## Problem description
Repeat the listing below line by line, exactly, leaving its pictures behind.

[Supplied material Boundary: Start]

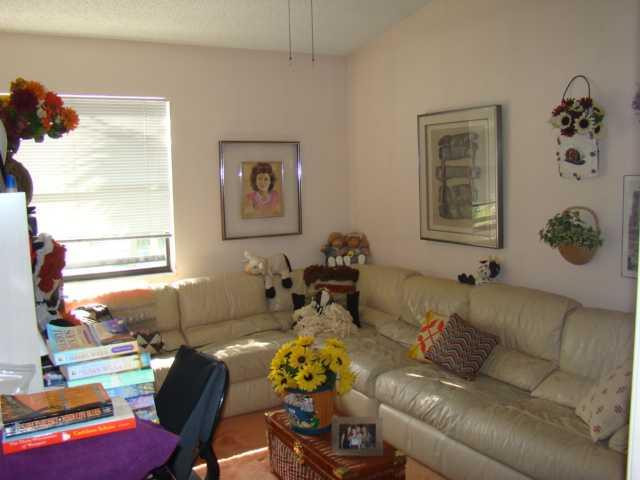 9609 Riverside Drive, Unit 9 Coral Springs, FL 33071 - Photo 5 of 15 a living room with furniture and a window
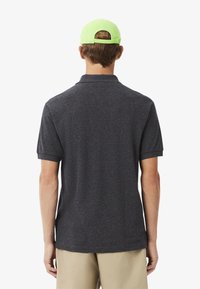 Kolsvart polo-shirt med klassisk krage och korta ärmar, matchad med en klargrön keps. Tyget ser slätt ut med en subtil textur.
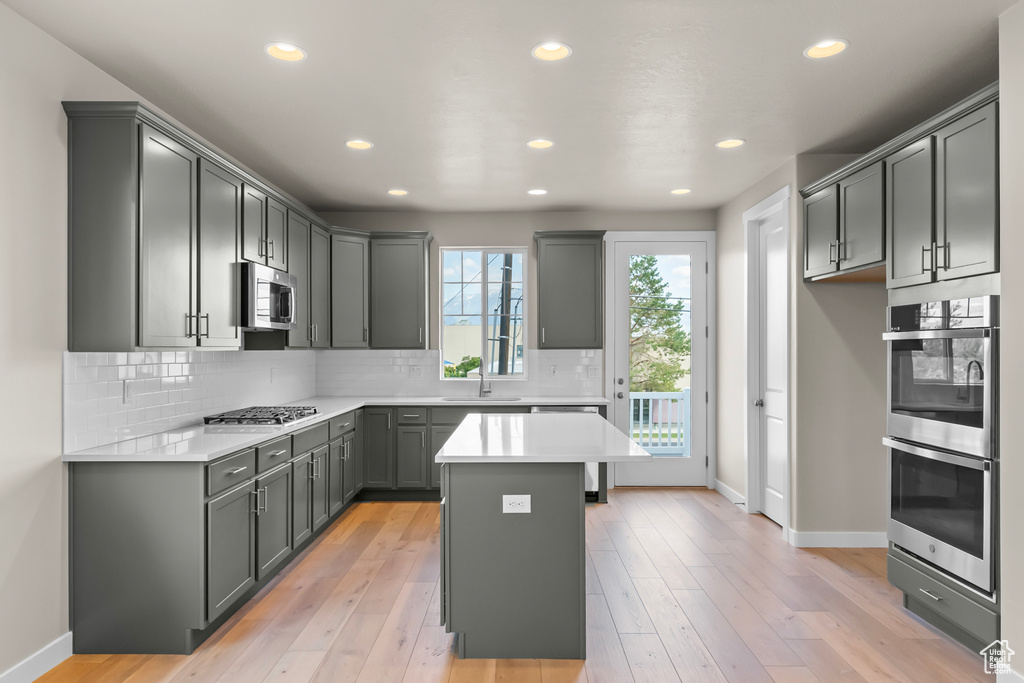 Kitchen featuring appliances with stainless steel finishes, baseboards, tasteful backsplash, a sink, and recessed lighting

[Supplied material Boundary: End]

## Solution to this problem
 9609 Riverside Drive, Unit 9 Coral Springs, FL 33071 - Photo 5 of 15 a living room with furniture and a window
 Kolsvart polo-shirt med klassisk krage och korta ärmar, matchad med en klargrön keps. Tyget ser slätt ut med en subtil textur.
 Kitchen featuring appliances with stainless steel finishes, baseboards, tasteful backsplash, a sink, and recessed lighting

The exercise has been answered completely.